Table 2 highlights some of the characteristics of the companies passing the Buffett–Hagstrom screen as of November 6, 2009, compared to the typical exchange-listed company in the Stock Investor Pro database. Historically, these passing companies have significantly outperformed the typical exchange-listed stock in terms of earnings per share growth. The current passing companies have seen earnings per share grow at an average rate of 24.7% over the last five years, compared to 1.7% for exchange-listed firms. Helping bolster earnings growth is the requirement that companies have positive operating income for each of the last seven fiscal years.
|Portfolio Characteristics (Median)||
|Price-earnings ratio (X)||20.2||18.0|
|Price-to-book-value ratio (X)||4.0||1.4|
|Price-earnings-to-EPS est growth (X)||1.8||1.5|
|Price-to-cash-flow-to-growth ratio (X)||1.2||0.6|
|EPS 5-yr. historical growth rate (%)||24.7||1.7|
|EPS 3-5 yr. estimated growth rate (%)||12.1||12.0|
|Return on equity (%)||23.7||1.3|
|Market cap. ($ million)||5,399.20||337|
|Relative strength vs. S&P (S&P=0) (%)||6||1|
|Average no. of passing stocks||30|
|Highest no. of passing stocks||32|
|Lowest no. of passing stocks||24|
|Monthly turnover (%)||21.2|
|Data as of November 6, 2009.|
When gauging company performance, Hagstrom states that Buffett prefers to look for strong and consistent return on equity that is achieved without excess leverage or accounting gimmickry. For the Buffett–Hagstrom screen, we require that return on equity is at least 15% over the last four quarters and for each of the last three fiscal years. The companies currently passing the Buffett–Hagstrom screen have a median return on equity of 23.7%, versus 1.3% for the typical exchange-listed company. Marvel Entertainment, home to such comic book characters as Spider-Man, The Incredible Hulk and Captain America, has the highest return on equity among the current passing companies at 35.7%. While earnings from continuing operations have been growing at a respectable 11.9% a year over the last five years, return on equity is ultimately being driven by the company’s aggressive share buyback program that has seen the average number of outstanding shares drop by over 27% since 2004.
Return on equity is the ratio of net income to owner’s equity. Companies that prefer to use debt financing over equity will have a higher return on equity than those who favor equity financing, all else being equal. Buffett is not against debt, but warns against excessive use of debt. Acceptable levels vary by industry, so the AAII Buffett–Hagstrom screen requires debt-to-equity ratios below the respective industry norm. The current passing companies have a median debt-to-equity ratio of 0.5%, compared to 15.5% for the typical exchange-listed firm.
Warren Buffett’s approach identifies “excellent” businesses based on the prospects for the industry and the ability of management to exploit opportunities for the ultimate benefit of the shareholders.
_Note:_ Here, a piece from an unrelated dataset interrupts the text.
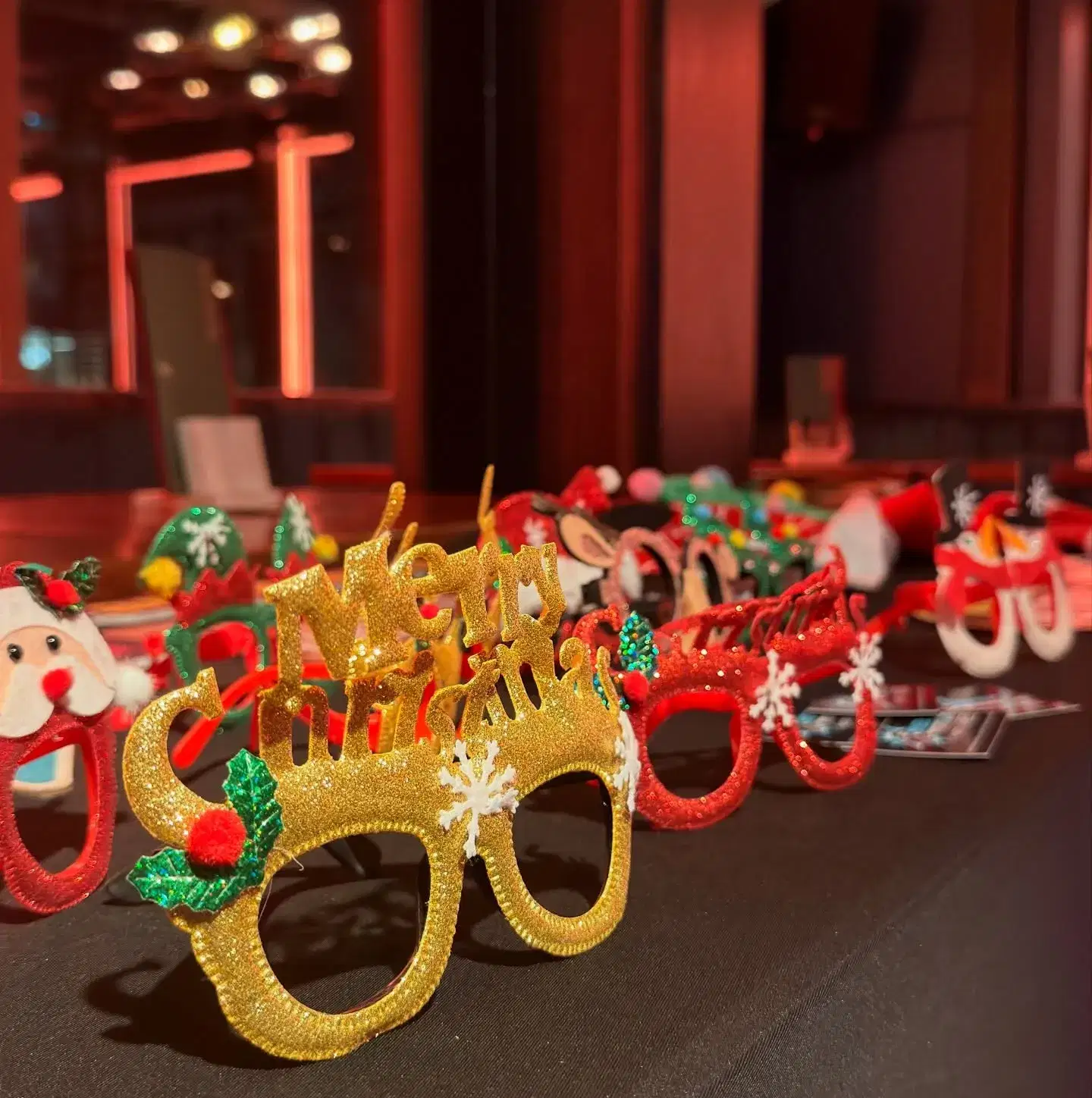 Table of colorful props ready for guests to use with the photo booth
He then waits for the share price to reach a level that would provide him with a desired long-term rate of return.
Most investors have little trouble understanding Buffett’s philosophy. The approach encompasses many widely held investment principles. However, its successful implementation is dependent upon the dedication of the investor to learn and follow the principles.
Duplicating the process requires a considerable amount of time, effort, and judgment in perusing a firm’s financial statements, annual reports, and other information sources to thoroughly analyze the business and the quality of management.
It also requires patience, waiting for the right price once a prospective business has been identified, and the ability to stick to the approach during times of market volatility.
But for individual investors willing to do the considerable homework that is involved, the Warren Buffett approach offers a proven path to investment value.